Die Klägerin habe im Anschluss an den Erörterungstermin noch am 15.7.2013 bei der Staatsanwaltschaft O Strafanzeige/Strafantrag gegen die Herren V, E1 und K sowie auch gegen Frau W gestellt. Bis zu diesem Zeitpunkt habe sie aus panischer Angst vor der Reaktion der vorbenannten Herren von einer Anzeige abgesehen. Sie habe befürchtet, diese könnten sie körperlich oder psychisch massiv bedrängen. Nach dem entstandenen Vertrauensbruch habe die Klägerin diesen alles zugetraut. So hätten die Herren V und E1 nach der Durchsuchung am 27.9.2011 permanent versucht, die Klägerin auf ihrem Büroanschluss und ihrem Handy zu erreichen. Am 17.10.2010 sei Herr E1 sogar unangemeldet bei der Klägerin aufgetaucht. Mit der Ausrede, seine Ex-Frau habe ihn angezeigt, habe er sogar noch versucht, die Klägerin zu weiteren Geschäften zu überreden (Hinweis auf die E-Mail der Antragstellerin vom 17.10.2011, Anlage K18).

Ergänzend sei darauf hinzuweisen, dass die Klägerin im März 2013 per E-Mail von der Fa. „X Handel Transport Bau GmbH” aus Y angeschrieben und um ein Angebot für Bandstretchfolien gebeten worden sei. Der Klägerin sei aufgefallen, dass mit der Firmierung etwas nicht gestimmt habe. Danach habe man die E-Mail noch im März 2013 bei der Steuerfahndung in O und auch in M vorgelegt, weil man den Eindruck gehabt habe, möglicherweise auch hier in ein Umsatzsteuerbetrugsmodell hineingezogen werden zu sollen.

Die Klägerin beantragt nach ausführlicher Erörterung ihres Begehrens in der mündlichen Verhandlung,

den Umsatzsteuerbescheid vom 9.10.2012 und die Einspruchsentscheidung vom 4.3.2013 dahin zu ändern, dass die Umsatzsteuer für 2011 wie erklärt (GA Bl. 39 ff.) auf 17.498,75 EUR festgesetzt wird.

Der Beklagte beantragt,

die Klage abzuweisen.

Der Beklagte führt ergänzend aus: Die Gefährdung des Steueraufkommens sei im vorliegenden Fall gemäß § 14 c Absatz 2 Satz 4 UStG erst beseitigt, wenn der Empfänger der Rechnungen die daraus geltend gemachten Vorsteuern an die zuständige Finanzbehörde (hier: Finanzamt J) zurückgezahlt habe. Die Berichtigung der geschuldeten Steuerbeträge wäre dann gemäß § 14c Abs. 2 S. 5 UStG beim zuständigen Finanzamt Z zu beantragen und in entsprechender Anwendung des § 17 Abs. 1 UStG für den Besteuerungszeitraum vorzunehmen, in dem die Voraussetzungen des § 14c Abs. 2 S. 4 UStG eingetreten seien.
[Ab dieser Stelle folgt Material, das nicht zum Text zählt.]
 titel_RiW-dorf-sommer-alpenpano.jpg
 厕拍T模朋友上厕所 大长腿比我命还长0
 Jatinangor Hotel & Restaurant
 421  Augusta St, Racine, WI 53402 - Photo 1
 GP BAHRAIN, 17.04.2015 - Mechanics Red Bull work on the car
Der Umsatzsteuerbescheid für 2011 des Finanzamtes J gegenüber Herrn E1 datiere vom 14.2.2013. Die Festsetzung der umsatzsteuerlichen Prüfungsfeststellungen einschließlich der Versagung des Vorsteuerabzugs aus den hier streitigen Rechnungen für die E-GmbH sei aufgrund der bestehenden umsatzsteuerlichen Organschaft beim Einzelunternehmen des Herrn E1 als Organträger erfolgt. Allerdings habe Herr E1 dagegen noch im Februar 2013 Einspruch eingelegt, über den noch nicht abschließend entschieden sei. Eine Rückzahlung der fraglichen Vorsteuern sei derzeit noch nicht erfolgt. Damit seien die Voraussetzungen des § 14c Abs. 2 Sätze 3 und 4 UStG derzeit nicht erfüllt.
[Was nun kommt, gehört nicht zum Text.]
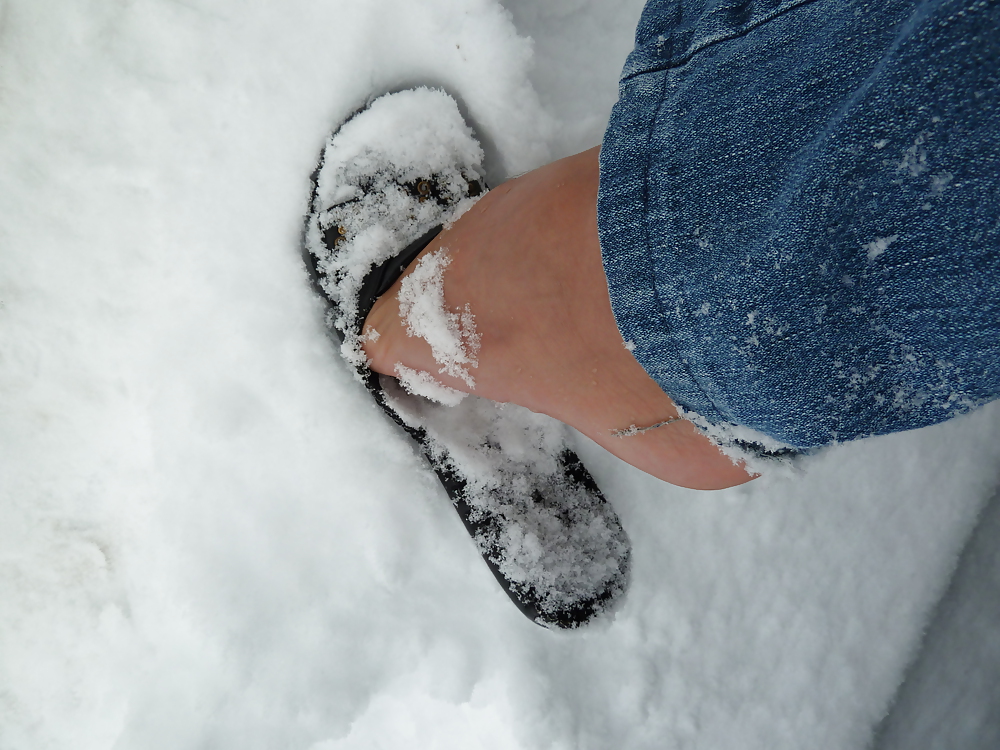 feet in snow porn gallery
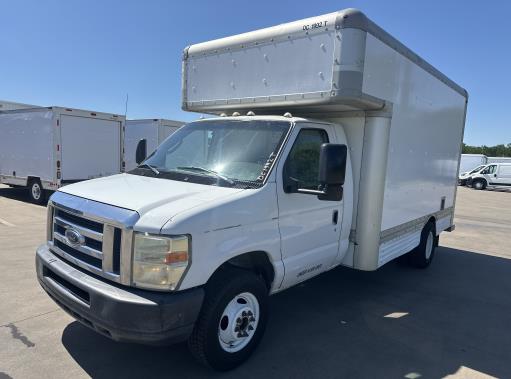 Used 2008 14 ' Box Truck for sale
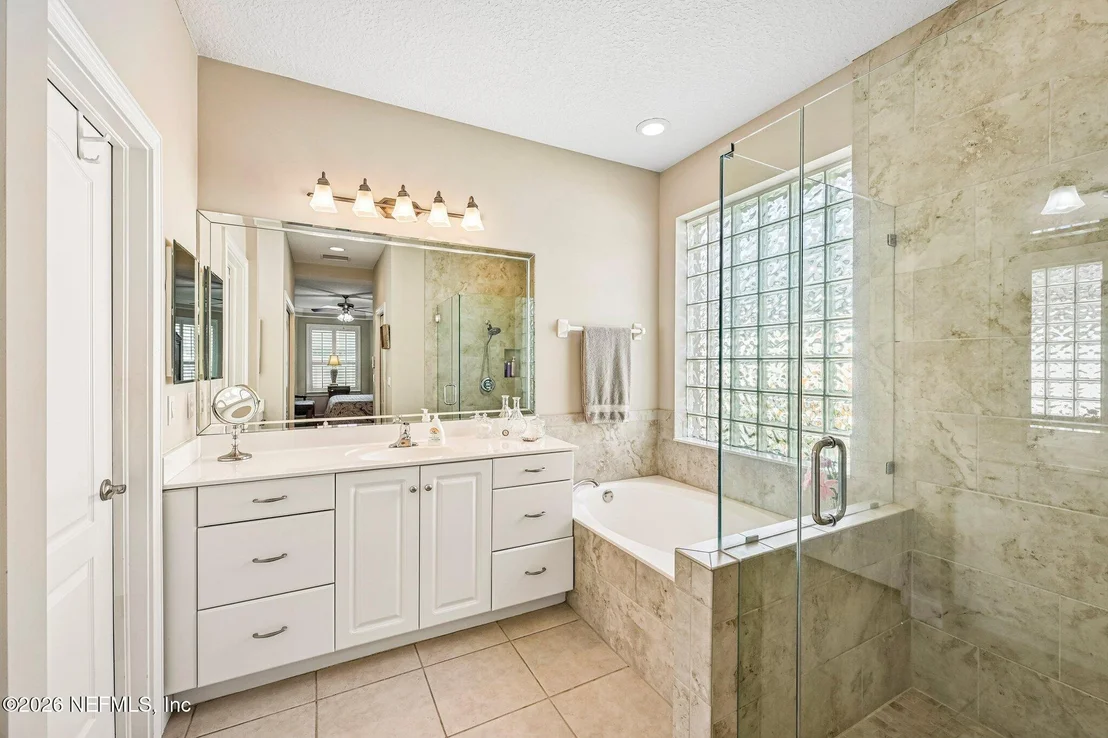 Photo of 325 ISLAND GREEN Drive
Die Klage ist unbegründet. Die Klägerin ist durch den vorliegend streitgegenständlichen Umsatzsteuerbescheid für 2011 vom 9.10.2012 nicht in ihren Rechten verletzt. Zwischen den Beteiligten unstreitig ist dabei der Teilbetrag von 15.059 EUR (nach Kürzung der Scheingeschäfte verbleibende Zahllast). Diesen Teilbetrag hat der Beklagte zu Recht gemäß § 14c Abs. 2 S. 2 UStG um 147.069,63 EUR erhöht, die nach den Feststellungen der Steuerfahndung unberechtigt ausgewiesenen worden waren. Den Vorsteuerabzug aus den zugehörigen Rechnungen hat der Beklagte ebenfalls zu Recht versagt.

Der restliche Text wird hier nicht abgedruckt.